I ran outside in the street, shaking and in high heels and nearly got run over by a cab. That would be my luck, dying in the street before I make it to the Slavic Beppe. When I got there the second episode was on. Phil was still drunk. The Slav was deeply engaged in sewing ribbon flowers on a mustard silk charmeuse corset. I turned up the volume on the telly. He must be made to understand that there can be no multitasking during EastEnders. Cardinal rule. After a silent 15 minutes of him watching me watch it...."Ba-dum-dum-bum."
"I don't get it," he said. "As far as I can tell it's a bunch of unattractive people with boring problems in cheap ill-fitting clothes, all improperly accessorised with cheap jewels. Pat has got to quit wearing those candelabra earrings, and those gaudy prints. And I beg them to shave off that little caterpillar where the Christian girl's eyebrows should be."
"But what about the brilliant dialogue, and the superb acting?"
"How should I know? I speak Slav, I barely speak American English, how could I understand cockney?"
And how could they ever understand you, I fumed. Even Simon didn't sit around sewing poxy flowers on ladies' dainties.
"Just one more question. Take your time. Do you like Sex and the City?"
The usually darkly tempered Slav was moved to glee. "Those impeccably dressed beautiful women sporting the latest Fendi bag to their glamorous careers and posh dinner joints. There's a new love affair every episode, so you can't get bored."
Bored. He said Bored. Meaning EastEnders BORED him! Too speechless to speak, I threw one Manolo Blahnik pump at the telly, and another at his bald head. I saw them later being hawked on eBay. I rushed back into the street, shoeless. Ha-ha: I still had my keys to Lenny's place.
I knew I'd gone off my trolley, sobbing and moaning on a public street corner. Screaming when I realised I left my bag at his house and had no cab money.
Nonetheless, a weird coloured cab drove up. Ali's Cab Service. Nobody ever really leaves the show. A familiar face spoke to me through the rear-view mirror. "I know where you need to go." Fade out. "Ba-dum-bum-bum-bum...."
For a show of whatever power I still maintained, I did not knock. I opened his door with my key. He was playing his guitar in the front room. He looked different, though I didn't know why. She was probably hiding in the bathroom.
"You look a little peaky," he said.
"I desperately have to pee." I said, sure I would find the spoiled little cow in the loo.
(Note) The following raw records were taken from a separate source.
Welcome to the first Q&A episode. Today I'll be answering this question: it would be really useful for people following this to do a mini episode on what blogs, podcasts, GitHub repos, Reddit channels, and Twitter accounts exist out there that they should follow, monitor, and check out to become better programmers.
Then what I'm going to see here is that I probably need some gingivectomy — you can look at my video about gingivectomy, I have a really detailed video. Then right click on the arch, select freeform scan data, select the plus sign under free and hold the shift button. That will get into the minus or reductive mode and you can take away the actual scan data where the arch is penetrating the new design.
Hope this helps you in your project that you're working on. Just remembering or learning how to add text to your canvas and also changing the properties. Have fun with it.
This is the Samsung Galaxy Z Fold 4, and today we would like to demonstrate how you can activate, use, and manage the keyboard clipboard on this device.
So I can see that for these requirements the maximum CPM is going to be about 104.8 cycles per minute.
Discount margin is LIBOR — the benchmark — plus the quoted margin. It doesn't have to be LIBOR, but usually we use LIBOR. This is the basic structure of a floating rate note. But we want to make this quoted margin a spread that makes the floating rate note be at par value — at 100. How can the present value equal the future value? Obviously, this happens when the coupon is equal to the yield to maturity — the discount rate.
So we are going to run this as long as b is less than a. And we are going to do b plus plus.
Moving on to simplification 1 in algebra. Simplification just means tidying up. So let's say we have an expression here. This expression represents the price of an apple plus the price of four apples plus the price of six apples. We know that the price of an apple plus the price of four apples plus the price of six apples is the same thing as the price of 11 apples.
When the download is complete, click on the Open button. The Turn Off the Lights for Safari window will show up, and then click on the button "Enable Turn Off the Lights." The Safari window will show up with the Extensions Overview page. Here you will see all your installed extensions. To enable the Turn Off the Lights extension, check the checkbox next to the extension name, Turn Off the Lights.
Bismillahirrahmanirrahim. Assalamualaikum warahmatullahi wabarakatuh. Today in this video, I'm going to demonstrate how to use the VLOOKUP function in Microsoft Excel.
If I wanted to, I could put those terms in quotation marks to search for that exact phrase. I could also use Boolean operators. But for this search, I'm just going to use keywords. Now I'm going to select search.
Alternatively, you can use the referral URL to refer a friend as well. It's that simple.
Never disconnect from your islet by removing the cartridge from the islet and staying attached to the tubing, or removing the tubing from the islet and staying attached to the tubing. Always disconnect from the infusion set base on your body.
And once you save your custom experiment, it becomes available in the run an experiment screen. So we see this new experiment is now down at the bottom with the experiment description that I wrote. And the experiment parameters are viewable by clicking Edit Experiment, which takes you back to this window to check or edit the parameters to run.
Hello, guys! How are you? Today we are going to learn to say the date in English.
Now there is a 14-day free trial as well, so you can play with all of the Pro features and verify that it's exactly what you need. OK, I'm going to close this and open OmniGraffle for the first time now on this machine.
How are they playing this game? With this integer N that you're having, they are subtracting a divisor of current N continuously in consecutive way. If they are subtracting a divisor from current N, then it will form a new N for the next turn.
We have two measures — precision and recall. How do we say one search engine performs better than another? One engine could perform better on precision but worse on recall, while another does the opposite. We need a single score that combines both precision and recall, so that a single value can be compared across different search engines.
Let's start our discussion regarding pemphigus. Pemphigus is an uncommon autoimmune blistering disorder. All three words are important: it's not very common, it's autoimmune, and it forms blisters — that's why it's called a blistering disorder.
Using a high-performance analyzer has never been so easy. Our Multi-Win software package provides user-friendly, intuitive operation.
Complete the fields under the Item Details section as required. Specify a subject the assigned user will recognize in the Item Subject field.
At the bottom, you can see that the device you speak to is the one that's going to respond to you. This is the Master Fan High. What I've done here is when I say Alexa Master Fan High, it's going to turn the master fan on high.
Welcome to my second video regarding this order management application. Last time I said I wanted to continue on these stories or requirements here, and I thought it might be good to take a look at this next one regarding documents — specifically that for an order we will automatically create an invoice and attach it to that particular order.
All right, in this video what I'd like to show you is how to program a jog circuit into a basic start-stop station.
That's where all the great girl-rows happen. All I found was the EastEnders mug sporting one lone toothbrush and some foreign toothpaste.
"You have no shoes," he said. We laughed. No one else could have known I had a long-time-ago, way-underground hit song with that title. It was even before Reg Cox. "And what was all that nonsense about sleeping with your mother?" Lenny gave me the Frank ("Darling, what the hell are you talking about") Butcher look.
I think we would need Dr Legg to unravel that psychology... Dot at the very least.
I could hear through the clear haze of Dot's cigarettes: "Okay, Leonard, you didn't sleep with anyone's mother. But it does happen, and in her state of irrational jealousy, it is easy to see why she could be hurt if you didn't sleep with her mother as well." Thank you Dot for sorting that one out.
"Where is she, anyway?"
"Gone."
I was dying to know the sordid details but I missed that episode.
"Gone where?"
"Forever for now, unless of course, they decide to write her in again."
"Yeah, like they did with Sam." She only lasted long enough for a short affair with the handsome, dark and barely bearded one, Beppe, who these days is obviously returning to his original child bride.
When I looked again at Lenny's face, I knew what was different. He had grown Beppe facial hair. Wasn't he just looking Jack the lad. Ooo-la-la.
"Did you tape East?" he asked. I nodded my head smiling like the cat who just ate the gooseberry.
"Then we're off to yours."
The night was dark, but I could still see the sun shining out of his jacksie as we held hands. Over the moon.
I feel this plot line running smooth, sweet and dependable. Arthur and Pauline. I just gotta keep him outta the Nick.